Intel unveils Xeon 6 processors with up to 144 E-cores

Peter, 04 June 2024

Intel unveiled a new family of server processors dubbed Xeon 6. Specifically, the 6700E series uses only E-cores for the purpose of cramming as many cores as possible in a single socket –up to 144 cores in this case. This series is code named Sierra Forrest. Intel also has another series, Granite Rapids, which will bring Xeon 6 processors with P-cores, but that is coming in Q3 this year.

The Sierra Forrest offerings start with the Xeon 6 6710E, which features 64 Efficiency cores running at 2.4GHz base and 3.2GHz all-core turbo. Then there are two models with 96 cores, one each with 112 and 128 cores and finally two top of the line models.

The 6766E has 144 E-cores and a TDP of 250W, allowing it to run at 1.9GHz base frequency and 2.7GHz all-core turbo. Then there is the 6780E, also with 144 cores, but a higher TDP of 330W, so it has a base frequency of 2.2GHz and all-core turbo of 3.0GHz.

These last two have 108MB of L3 cache, but even the lowly 6710E has 96MB (in fact, all but the two 144 core models have 96MB). All Xeon 6 E-core processors also have plenty of PCIe 5.0 lanes – 88, to be precise.

Intel Xeon 6 E-cores (Sierra Forest) Intel Xeon 6 E-cores (Sierra Forest)
Intel Xeon 6 E-cores (Sierra Forest)

Some workloads benefit from having many cores, not so much from any individual core being particularly fast. For such use cases, Intel says that the number of server racks can be reduced by 3 times. As an example, a server farm with 200 racks using processors from 5 years ago can now be whittled down to 66 racks.
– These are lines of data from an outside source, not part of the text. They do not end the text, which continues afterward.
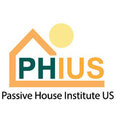 Passive House Institute US's profile photo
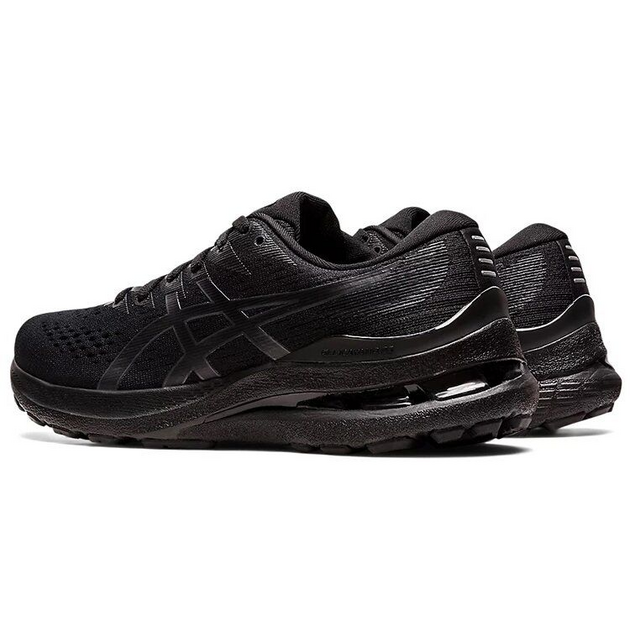 Asics Gel-Kayano 28 TPU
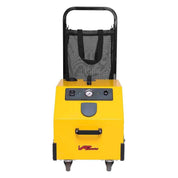 Vapamore MR-1000 Forza Commercial Grade Steam Cleaning System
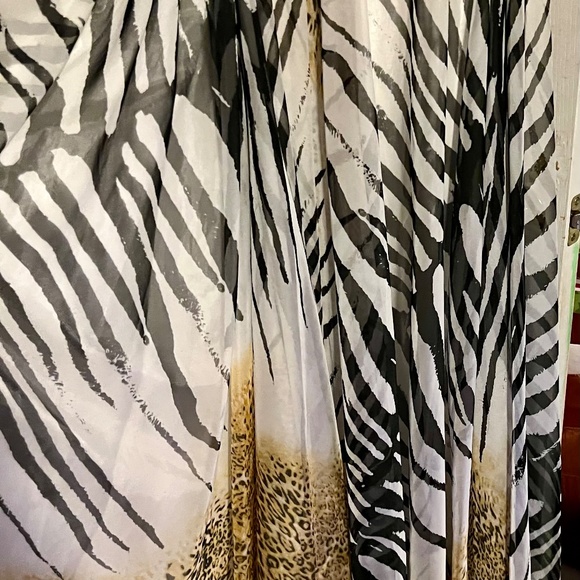 ****DANCE DRESS**** - Picture 6 of 12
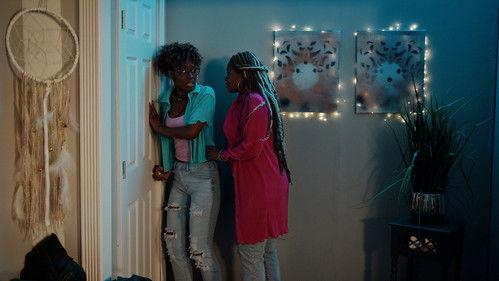 undefined Season 2 Episode 2 - The Devil You Know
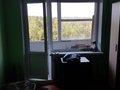 Продажа комнат: Екатеринбург, ул. Начдива Онуфриева, 30 (Юго-Западный) - Фото 1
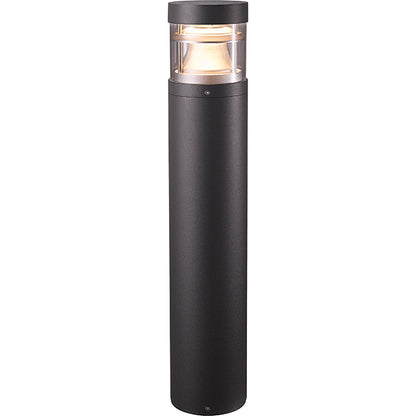 8404COB-265 | 8404COB-650 Bollard Light-bollards-DWPRO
Even better, rack-level performance will improve by up to 4.2x while using less power to boot – performance per watt will improve by up to 2.6x. There’s a reason these are called efficiency cores. Anyway, this is compared to older processors from Intel. Compared to current competition, Intel claims that the Xeon 6 with E-cores has 1.3x better performance per watt.

Intel unveils Xeon 6 processors with up to 144 E-cores

Other, heavier computation tasks (AI, computer vision, etc.) will benefit from the Granite Rapids series with more powerful (but presumably fewer) P-cores instead.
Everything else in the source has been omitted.